More cases involved the following scenarios:

  • several requests for help over a period of a year,
  • an unusually large variety of professionals,
  • a family member or patient who threatened violence, and
  • a care plan that was in constant flux.

“One of the most complex ethics consultations at Memorial, involving a request for sterilization of a minor, included all of these features,” says Spielman.

Still, consultants had no way to quantify this. “The field of ethics consultation had not yet developed a way of assessing complexity,” explains Spielman, a member of Memorial’s Human Values and Ethics Committee (HVEC).

In 2013, the American Society for Bioethics and Humanities (ASBH) described steps necessary to distinguish qualified ethics consultants from unqualified ethics consultants.1 However, their approach didn’t consider whether a consultant could handle complex cases.

“That seemed like a gap that we could fill,” says Spielman. Memorial’s ethicists set out to create a tool to determine the complexity of cases. They took into account factors such as a history or threat of force, a difficult family or living situation, monetary issues, high levels of emotion, and a large number of professional participants.

Christine Gorka, PhD, director of Memorial’s Clinical Ethics Center, which employs two full-time ethicists and reviews all ethics consultations at monthly HVEC meetings, notes, “The timing was such that using the tool to assess the complexity of problems encountered in our usual practice provided a way to tackle what we considered a gap in the ASBH competencies regarding required skills.”

The group developed a complexity scoring system based on an analysis of more than 500 ethics consults performed during 2013.2 “The study’s findings suggest it is possible to account for case complexity when evaluating an ethics consultant,” says Gorka. “To not consider complexity when assessing an ethicist’s portfolio seems short-sighted.”

Spielman noted the gap between the experience requirements described by ASBH, and what would be required to handle a consult of average complexity at Memorial.
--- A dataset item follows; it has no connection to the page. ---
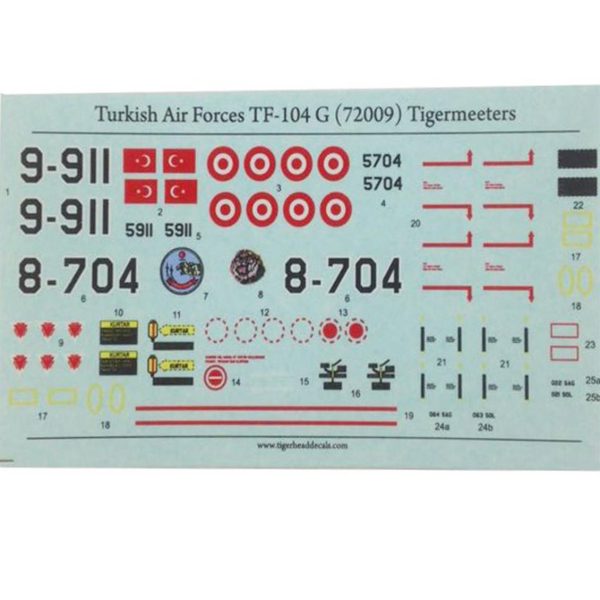 1/72 Turkish Air Forces TF-104 G Tigermeeter, Tiger Head Decals 72009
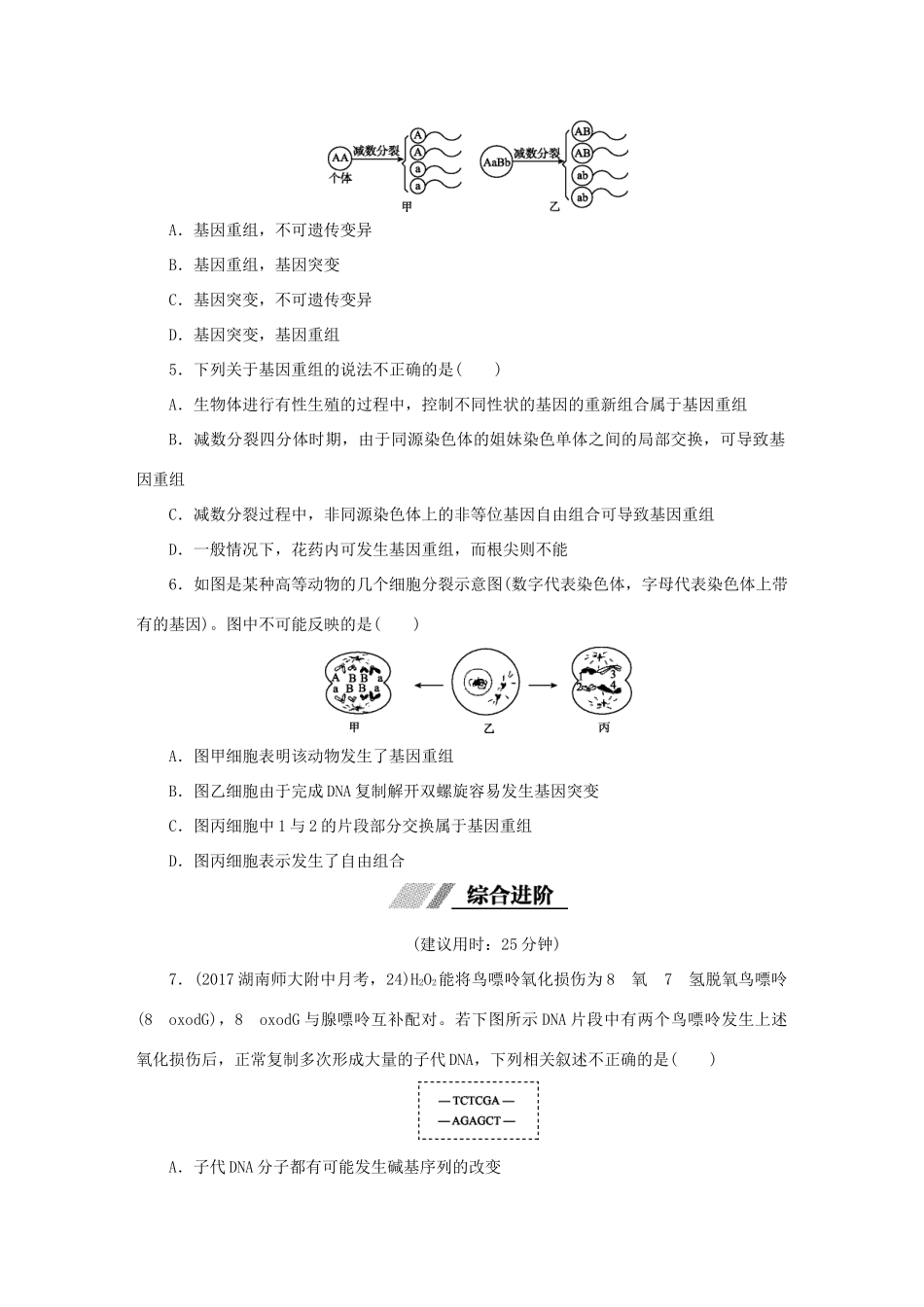 （全国卷 地区专用）高考生物总复习 第七单元 生物的变异、育种和进化 课时练试题_第2页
“An individual could almost certainly meet the ASBH requirements that her portfolio demonstrate experience in a ‘range of clinical settings’ with a ‘range of ethical issues,’ and yet be unable to handle a case of average complexity at her own organization,” says Spielman.

The researchers recommend that a minimum level of care complexity be required, and attestation portfolios include several cases of moderate complexity and at least one very complex case.

The qualitative measures of complexity paired up well with the quantitative measures that were used. “The pairing of the two independent measurements helped me feel confident in the tool,” says Gorka. As the number of complicating factors identified in a consult grew, there was a concomitant increase in the amount of time spent on the consult.

“A complex ethics case can arise in any healthcare organization at any time — not just in those that specialize in research or that serve especially vulnerable populations,” notes Spielman.

In Spielman’s view, a process that deems consultants qualified without considering their ability to handle complex cases gives a false sense of security. “Patients, families, and health professionals will be harmed,” she says.

REFERENCES

  1. Kodish E, Fins JJ, Braddock C, et al. Quality attestation for clinical ethics consultants. Hastings Cent Rep 2013; 43(5): 26–36.
  2. Spielman B, Craig J, Gorka C, et al. Case complexity and quality attestation for clinical ethics consultants. J Clin Ethics 2015; 26(3):231-240.